Last week I shared a conversation I had with one of my spiritual heroes, Matthew Fox. This week I include another lightly adapted excerpt from a transcript of our conversation. For the full conversation, see here:
Matthew Fox on Prayer as a Radical Response to Life
“The Holy Ordinary” is also a pop-up podcast created to support my book The Holy Ordinary, where I interview authors, thinkers, and activists who illuminate the sacred, the just, and the beautiful in the midst of the ordinary.
Two Kinds of Meditation
Mark Longhurst: You raise an important question about the role of contemplation. Is sitting on my meditation cushion praying in this sense of a larger response to life?
Matthew Fox: Contemplation in the form of sitting on a cushion—or not—walking meditation, as Thich Nhat Hanh also recommends has its place, and that’s part of the four paths [see below]: the letting go, the going into silence, and emptying our minds—the kenosis of busyness and worries about the past and the future.
All that practice is one version of meditation. Another version is art as meditation, or making images. The psychologists Claudio Naranjo and Robert Ornstein wrote a good book in the ‘70s called On the Psychology of Meditation. They talk about these two kinds of meditation: introverted, which is sitting on a cushion, and extroverted—but I call it art as meditation.
It’s about birthing. So artists, and when we do artwork, it’s radical—and I don’t mean just painting a picture, but I mean tapping into our creativity. Our creativity is deep within us, isn’t it? So is our silence. So what you’re talking about is finding that silence that’s so deep.
Photo by Susanna Marsiglia on Unsplash
Our creativity is deep within us, isn’t it? So is our silence.
Contemplation and Prophetic Action
Contemplation is not the whole picture of prayer—because prophetic action is prayer, too. Protesting, going to jail [for nonviolence direct action], and all the things that our heroes like Gandhi or Martin Luther King and all the people we hold up did. Jesus, too, was busy resisting; he wasn’t spending all his time on a cushion.

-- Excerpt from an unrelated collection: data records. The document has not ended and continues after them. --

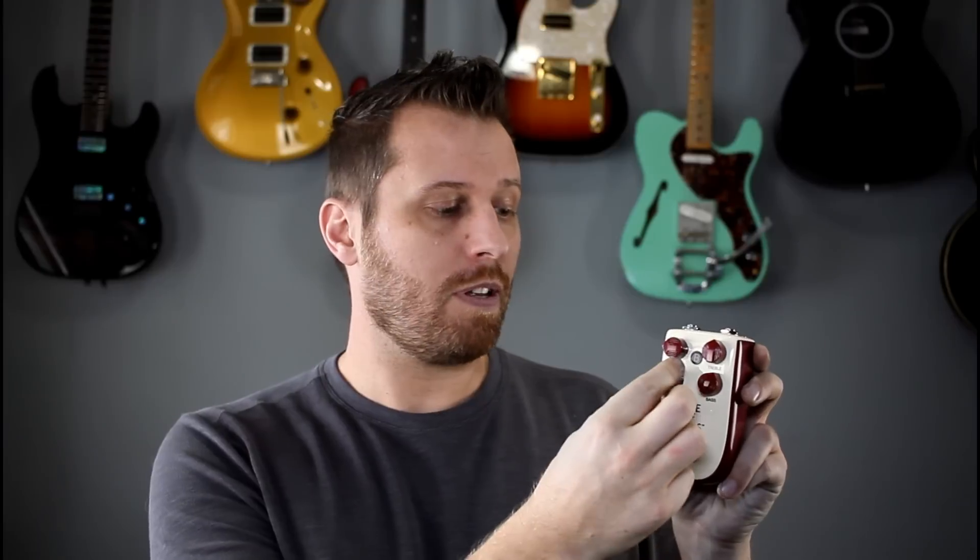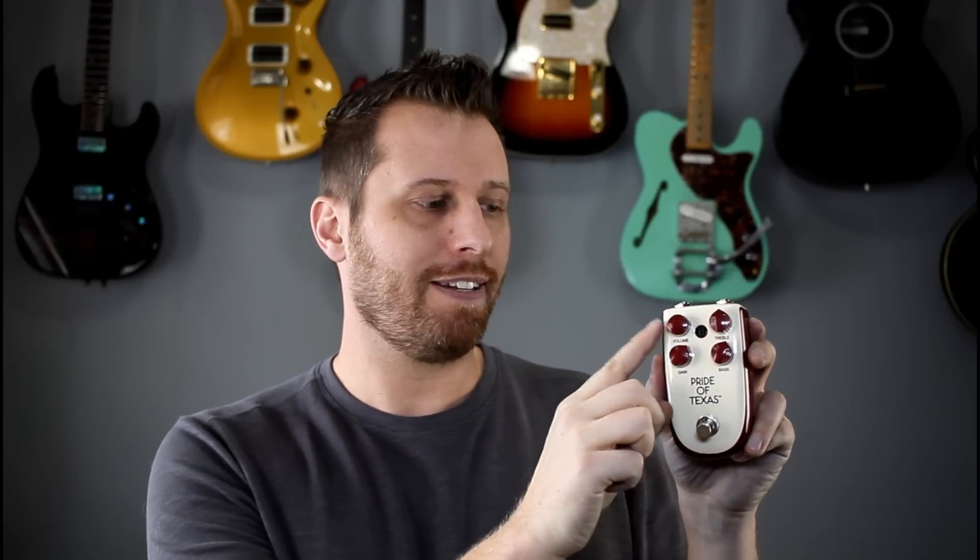You can hear it really delivers that searing classic blues tone — that's with the gain cranked almost all the way up. From zero to about 12, you mostly get clean boost with just a slight bit of hair on the tone. And then from 12 all the way up, you can dial in as much breakup as you need. It's got a two-band EQ, treble and bass, and the volume control gives you so much clean boost — I rarely had it above nine o'clock. I couldn't even go up to 12 o'clock; it's just so much boost available.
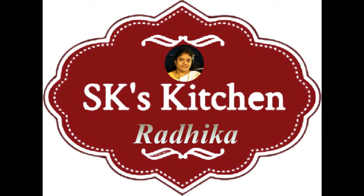Hi friends, welcome to SK's kitchen. Today we're going to prepare something.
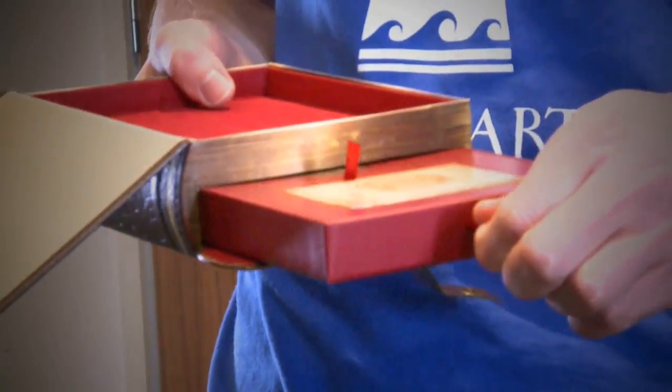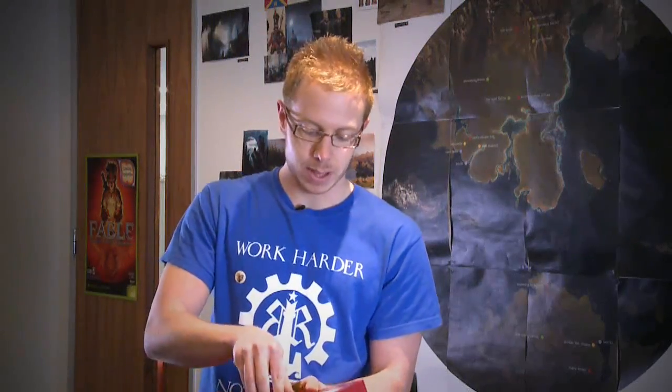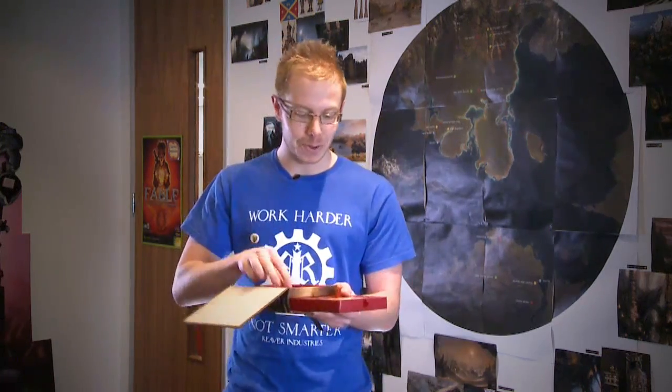And to round off with what everyone really wants to see — you open it up and there's a nice little hidden compartment down the bottom with the coin. So you've got good and evil, and you can make some decisions in real life if you want to using this coin.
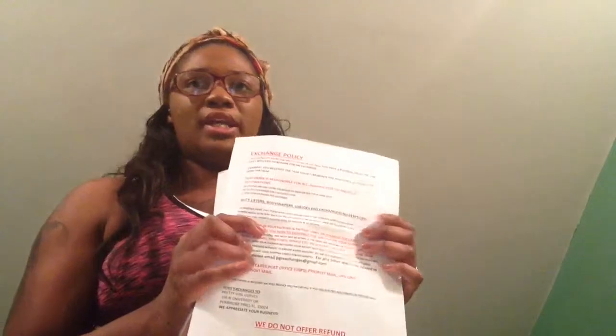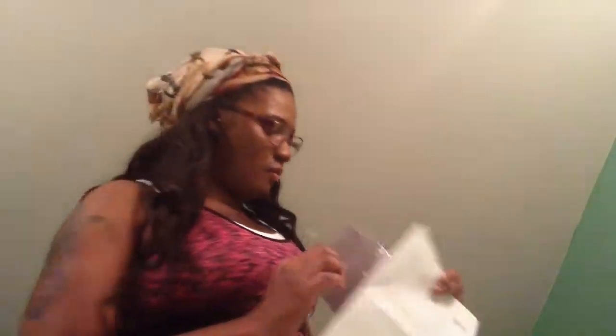This is the exchange policy — they do not offer any money back, but you can exchange within three days. This is my PayPal invoice for what I ordered. And then this is the package it came in.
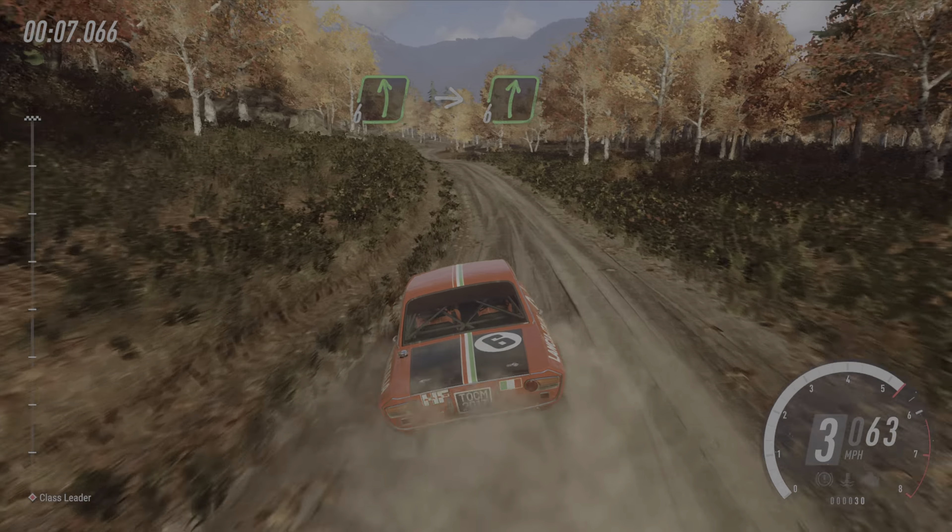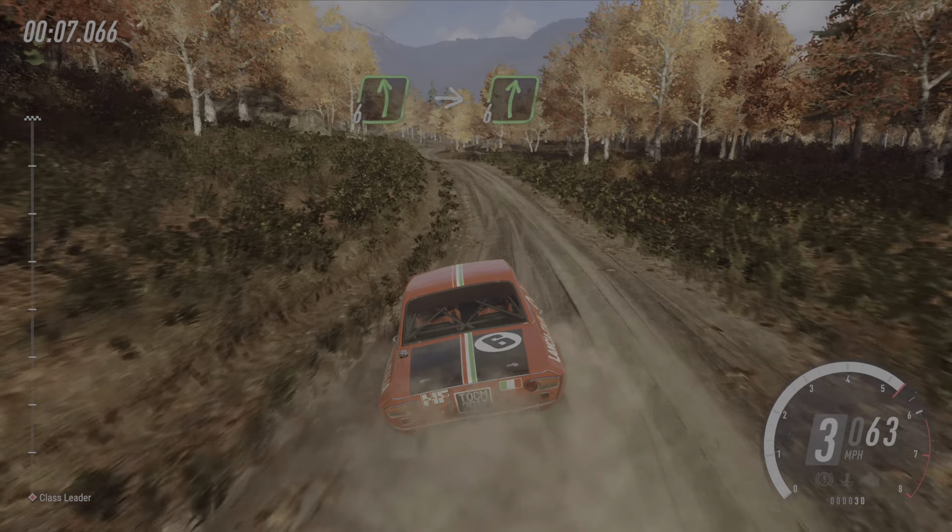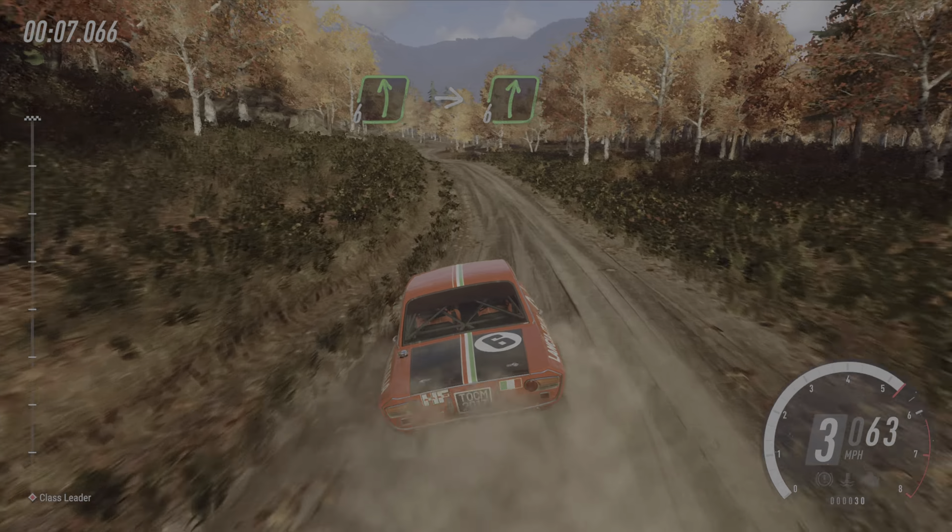Six left, extra long, keep in of a crest, into six right of a crest, jump. 100, over crest, turn unseen, two left, opens, 100.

In fact, his cushion was the wilderness. He was a very earthy kind of guy. He found a lot of peace out in nature. Ninety-nine% of his parables build on nature experiences. His observations are so keen about birds that fall from the tree, the rain and the sun, the goats and the wheat and the mustard seeds and all of it—so immersed in the processes of nature and creation.
Jesus’s cushion was the wilderness.
All this is prayer. But in that first chapter [of Prayer: A Radical Response to Life], I’m glad it caught your attention—because I was trying to whittle away what I would call cheap or overly familiar versions of prayer that don't go deep enough.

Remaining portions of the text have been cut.